**WHAT TO PRODUCE:** Each of the entries below should be written out exactly as it reads.

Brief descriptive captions
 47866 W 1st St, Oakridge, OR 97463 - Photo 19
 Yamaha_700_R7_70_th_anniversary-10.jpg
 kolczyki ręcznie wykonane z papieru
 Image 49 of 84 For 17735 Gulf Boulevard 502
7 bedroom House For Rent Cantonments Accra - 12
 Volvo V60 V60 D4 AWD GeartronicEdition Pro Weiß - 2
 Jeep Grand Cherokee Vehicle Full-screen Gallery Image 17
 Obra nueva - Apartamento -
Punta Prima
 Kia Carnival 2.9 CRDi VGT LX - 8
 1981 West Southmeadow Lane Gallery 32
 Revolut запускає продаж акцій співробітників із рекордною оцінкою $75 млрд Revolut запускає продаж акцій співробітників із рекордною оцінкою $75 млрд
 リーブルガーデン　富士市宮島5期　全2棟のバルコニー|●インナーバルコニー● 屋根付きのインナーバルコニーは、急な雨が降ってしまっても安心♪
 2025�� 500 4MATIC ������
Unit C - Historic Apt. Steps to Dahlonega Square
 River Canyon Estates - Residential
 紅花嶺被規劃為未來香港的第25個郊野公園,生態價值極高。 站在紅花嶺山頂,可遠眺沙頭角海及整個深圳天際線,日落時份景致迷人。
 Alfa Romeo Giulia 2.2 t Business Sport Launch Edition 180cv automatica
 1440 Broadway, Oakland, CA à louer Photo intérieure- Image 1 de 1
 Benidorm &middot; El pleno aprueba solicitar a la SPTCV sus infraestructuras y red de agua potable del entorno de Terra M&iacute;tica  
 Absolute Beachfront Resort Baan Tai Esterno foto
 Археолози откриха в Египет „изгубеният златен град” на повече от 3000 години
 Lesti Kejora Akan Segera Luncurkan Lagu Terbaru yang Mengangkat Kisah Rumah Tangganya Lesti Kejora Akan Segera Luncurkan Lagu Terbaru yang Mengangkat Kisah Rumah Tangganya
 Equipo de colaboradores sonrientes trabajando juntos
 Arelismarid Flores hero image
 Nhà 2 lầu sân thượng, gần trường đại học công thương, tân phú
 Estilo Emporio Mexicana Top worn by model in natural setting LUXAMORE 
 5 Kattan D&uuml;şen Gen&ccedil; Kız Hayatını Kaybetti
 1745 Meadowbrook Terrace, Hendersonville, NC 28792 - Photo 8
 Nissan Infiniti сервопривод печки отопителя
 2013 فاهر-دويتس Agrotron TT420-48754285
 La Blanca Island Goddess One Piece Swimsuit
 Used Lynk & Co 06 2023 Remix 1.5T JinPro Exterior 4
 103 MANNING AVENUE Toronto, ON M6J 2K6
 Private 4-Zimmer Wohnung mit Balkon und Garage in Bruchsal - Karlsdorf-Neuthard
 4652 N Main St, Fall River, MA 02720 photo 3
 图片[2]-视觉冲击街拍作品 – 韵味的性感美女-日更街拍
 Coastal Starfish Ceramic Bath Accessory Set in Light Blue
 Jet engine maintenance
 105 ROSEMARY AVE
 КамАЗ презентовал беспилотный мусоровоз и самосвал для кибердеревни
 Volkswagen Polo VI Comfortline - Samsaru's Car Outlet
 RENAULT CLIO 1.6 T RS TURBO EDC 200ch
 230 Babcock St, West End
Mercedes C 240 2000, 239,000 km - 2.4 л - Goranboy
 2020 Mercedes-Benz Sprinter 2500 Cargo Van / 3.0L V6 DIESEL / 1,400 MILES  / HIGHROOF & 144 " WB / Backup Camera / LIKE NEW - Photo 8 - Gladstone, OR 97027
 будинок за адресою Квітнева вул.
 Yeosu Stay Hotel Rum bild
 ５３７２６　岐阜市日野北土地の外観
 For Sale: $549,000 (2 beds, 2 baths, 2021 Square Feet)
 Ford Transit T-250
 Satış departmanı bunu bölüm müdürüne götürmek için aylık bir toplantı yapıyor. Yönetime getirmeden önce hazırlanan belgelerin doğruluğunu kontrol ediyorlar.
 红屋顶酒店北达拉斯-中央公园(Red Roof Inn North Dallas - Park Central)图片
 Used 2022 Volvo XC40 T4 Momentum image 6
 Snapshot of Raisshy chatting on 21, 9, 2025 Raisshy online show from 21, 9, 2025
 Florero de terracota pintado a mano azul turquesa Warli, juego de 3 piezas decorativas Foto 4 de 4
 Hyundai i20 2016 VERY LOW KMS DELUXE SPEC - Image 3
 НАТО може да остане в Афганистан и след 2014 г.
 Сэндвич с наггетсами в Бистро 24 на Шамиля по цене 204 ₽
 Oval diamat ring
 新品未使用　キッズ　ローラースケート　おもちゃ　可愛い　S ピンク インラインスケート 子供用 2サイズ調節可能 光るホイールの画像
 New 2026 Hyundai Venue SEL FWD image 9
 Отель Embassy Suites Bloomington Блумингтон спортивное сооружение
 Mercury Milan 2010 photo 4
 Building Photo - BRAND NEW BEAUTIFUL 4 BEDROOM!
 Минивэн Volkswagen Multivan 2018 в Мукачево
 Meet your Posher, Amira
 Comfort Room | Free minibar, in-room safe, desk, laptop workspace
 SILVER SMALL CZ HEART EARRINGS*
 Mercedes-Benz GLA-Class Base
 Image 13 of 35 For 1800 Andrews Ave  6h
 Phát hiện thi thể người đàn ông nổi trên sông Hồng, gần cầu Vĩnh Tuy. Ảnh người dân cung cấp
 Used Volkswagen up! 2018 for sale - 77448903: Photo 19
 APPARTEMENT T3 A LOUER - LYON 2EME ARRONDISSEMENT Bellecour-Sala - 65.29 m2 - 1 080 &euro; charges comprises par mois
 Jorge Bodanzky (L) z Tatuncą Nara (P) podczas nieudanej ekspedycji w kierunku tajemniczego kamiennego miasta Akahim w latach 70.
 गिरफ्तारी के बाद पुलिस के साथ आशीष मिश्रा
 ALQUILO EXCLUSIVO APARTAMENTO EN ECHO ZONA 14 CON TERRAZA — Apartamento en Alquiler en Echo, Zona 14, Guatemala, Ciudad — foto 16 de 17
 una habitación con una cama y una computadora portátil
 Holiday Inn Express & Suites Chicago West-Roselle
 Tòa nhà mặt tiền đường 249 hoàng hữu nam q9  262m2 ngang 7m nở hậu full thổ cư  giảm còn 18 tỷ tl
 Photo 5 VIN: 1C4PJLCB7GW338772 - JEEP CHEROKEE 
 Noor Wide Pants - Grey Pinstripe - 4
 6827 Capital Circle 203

**ANSWER BOX:**
 47866 W 1st St, Oakridge, OR 97463 - Photo 19
 Yamaha_700_R7_70_th_anniversary-10.jpg
 kolczyki ręcznie wykonane z papieru
 Image 49 of 84 For 17735 Gulf Boulevard 502
7 bedroom House For Rent Cantonments Accra - 12
 Volvo V60 V60 D4 AWD GeartronicEdition Pro Weiß - 2
 Jeep Grand Cherokee Vehicle Full-screen Gallery Image 17
 Obra nueva - Apartamento -
Punta Prima
 Kia Carnival 2.9 CRDi VGT LX - 8
 1981 West Southmeadow Lane Gallery 32
 Revolut запускає продаж акцій співробітників із рекордною оцінкою $75 млрд Revolut запускає продаж акцій співробітників із рекордною оцінкою $75 млрд
 リーブルガーデン　富士市宮島5期　全2棟のバルコニー|●インナーバルコニー● 屋根付きのインナーバルコニーは、急な雨が降ってしまっても安心♪
 2025�� 500 4MATIC ������
Unit C - Historic Apt. Steps to Dahlonega Square
 River Canyon Estates - Residential
 紅花嶺被規劃為未來香港的第25個郊野公園,生態價值極高。 站在紅花嶺山頂,可遠眺沙頭角海及整個深圳天際線,日落時份景致迷人。
 Alfa Romeo Giulia 2.2 t Business Sport Launch Edition 180cv automatica
 1440 Broadway, Oakland, CA à louer Photo intérieure- Image 1 de 1
 Benidorm &middot; El pleno aprueba solicitar a la SPTCV sus infraestructuras y red de agua potable del entorno de Terra M&iacute;tica  
 Absolute Beachfront Resort Baan Tai Esterno foto
 Археолози откриха в Египет „изгубеният златен град” на повече от 3000 години
 Lesti Kejora Akan Segera Luncurkan Lagu Terbaru yang Mengangkat Kisah Rumah Tangganya Lesti Kejora Akan Segera Luncurkan Lagu Terbaru yang Mengangkat Kisah Rumah Tangganya
 Equipo de colaboradores sonrientes trabajando juntos
 Arelismarid Flores hero image
 Nhà 2 lầu sân thượng, gần trường đại học công thương, tân phú
 Estilo Emporio Mexicana Top worn by model in natural setting LUXAMORE 
 5 Kattan D&uuml;şen Gen&ccedil; Kız Hayatını Kaybetti
 1745 Meadowbrook Terrace, Hendersonville, NC 28792 - Photo 8
 Nissan Infiniti сервопривод печки отопителя
 2013 فاهر-دويتس Agrotron TT420-48754285
 La Blanca Island Goddess One Piece Swimsuit
 Used Lynk & Co 06 2023 Remix 1.5T JinPro Exterior 4
 103 MANNING AVENUE Toronto, ON M6J 2K6
 Private 4-Zimmer Wohnung mit Balkon und Garage in Bruchsal - Karlsdorf-Neuthard
 4652 N Main St, Fall River, MA 02720 photo 3
 图片[2]-视觉冲击街拍作品 – 韵味的性感美女-日更街拍
 Coastal Starfish Ceramic Bath Accessory Set in Light Blue
 Jet engine maintenance
 105 ROSEMARY AVE
 КамАЗ презентовал беспилотный мусоровоз и самосвал для кибердеревни
 Volkswagen Polo VI Comfortline - Samsaru's Car Outlet
 RENAULT CLIO 1.6 T RS TURBO EDC 200ch
 230 Babcock St, West End
Mercedes C 240 2000, 239,000 km - 2.4 л - Goranboy
 2020 Mercedes-Benz Sprinter 2500 Cargo Van / 3.0L V6 DIESEL / 1,400 MILES  / HIGHROOF & 144 " WB / Backup Camera / LIKE NEW - Photo 8 - Gladstone, OR 97027
 будинок за адресою Квітнева вул.
 Yeosu Stay Hotel Rum bild
 ５３７２６　岐阜市日野北土地の外観
 For Sale: $549,000 (2 beds, 2 baths, 2021 Square Feet)
 Ford Transit T-250
 Satış departmanı bunu bölüm müdürüne götürmek için aylık bir toplantı yapıyor. Yönetime getirmeden önce hazırlanan belgelerin doğruluğunu kontrol ediyorlar.
 红屋顶酒店北达拉斯-中央公园(Red Roof Inn North Dallas - Park Central)图片
 Used 2022 Volvo XC40 T4 Momentum image 6
 Snapshot of Raisshy chatting on 21, 9, 2025 Raisshy online show from 21, 9, 2025
 Florero de terracota pintado a mano azul turquesa Warli, juego de 3 piezas decorativas Foto 4 de 4
 Hyundai i20 2016 VERY LOW KMS DELUXE SPEC - Image 3
 НАТО може да остане в Афганистан и след 2014 г.
 Сэндвич с наггетсами в Бистро 24 на Шамиля по цене 204 ₽
 Oval diamat ring
 新品未使用　キッズ　ローラースケート　おもちゃ　可愛い　S ピンク インラインスケート 子供用 2サイズ調節可能 光るホイールの画像
 New 2026 Hyundai Venue SEL FWD image 9
 Отель Embassy Suites Bloomington Блумингтон спортивное сооружение
 Mercury Milan 2010 photo 4
 Building Photo - BRAND NEW BEAUTIFUL 4 BEDROOM!
 Минивэн Volkswagen Multivan 2018 в Мукачево
 Meet your Posher, Amira
 Comfort Room | Free minibar, in-room safe, desk, laptop workspace
 SILVER SMALL CZ HEART EARRINGS*
 Mercedes-Benz GLA-Class Base
 Image 13 of 35 For 1800 Andrews Ave  6h
 Phát hiện thi thể người đàn ông nổi trên sông Hồng, gần cầu Vĩnh Tuy. Ảnh người dân cung cấp
 Used Volkswagen up! 2018 for sale - 77448903: Photo 19
 APPARTEMENT T3 A LOUER - LYON 2EME ARRONDISSEMENT Bellecour-Sala - 65.29 m2 - 1 080 &euro; charges comprises par mois
 Jorge Bodanzky (L) z Tatuncą Nara (P) podczas nieudanej ekspedycji w kierunku tajemniczego kamiennego miasta Akahim w latach 70.
 गिरफ्तारी के बाद पुलिस के साथ आशीष मिश्रा
 ALQUILO EXCLUSIVO APARTAMENTO EN ECHO ZONA 14 CON TERRAZA — Apartamento en Alquiler en Echo, Zona 14, Guatemala, Ciudad — foto 16 de 17
 una habitación con una cama y una computadora portátil
 Holiday Inn Express & Suites Chicago West-Roselle
 Tòa nhà mặt tiền đường 249 hoàng hữu nam q9  262m2 ngang 7m nở hậu full thổ cư  giảm còn 18 tỷ tl
 Photo 5 VIN: 1C4PJLCB7GW338772 - JEEP CHEROKEE 
 Noor Wide Pants - Grey Pinstripe - 4
 6827 Capital Circle 203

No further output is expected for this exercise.